(TASK INPUT begins)

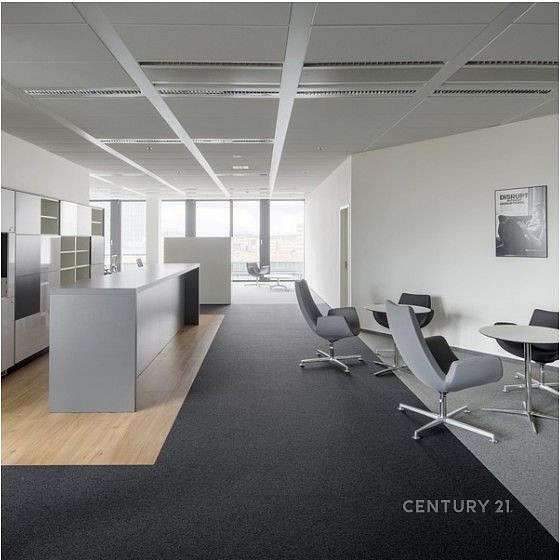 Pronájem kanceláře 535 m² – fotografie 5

(TASK INPUT ends)
(TASK INPUT begins)

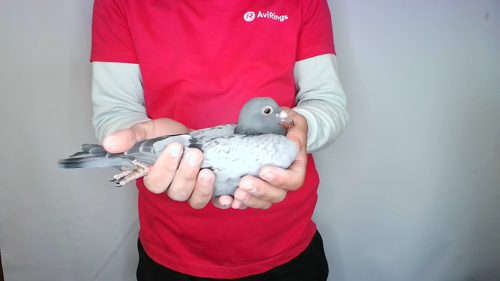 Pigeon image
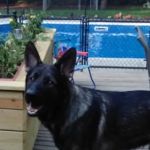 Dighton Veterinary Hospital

(TASK INPUT ends)
(TASK INPUT begins)

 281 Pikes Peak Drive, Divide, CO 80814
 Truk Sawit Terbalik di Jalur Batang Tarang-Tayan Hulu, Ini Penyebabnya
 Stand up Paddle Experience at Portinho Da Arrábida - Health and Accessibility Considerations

(TASK INPUT ends)

**WHAT IS EXPECTED**. Retype the portion of the data above that starts on the line with "281 Pikes Peak Drive, Divide, CO 80814" and finishes on the line with "Stand up Paddle", including both of those lines.

**ANSWER AREA**.
 281 Pikes Peak Drive, Divide, CO 80814
 Truk Sawit Terbalik di Jalur Batang Tarang-Tayan Hulu, Ini Penyebabnya
 Stand up Paddle Experience at Portinho Da Arrábida - Health and Accessibility Considerations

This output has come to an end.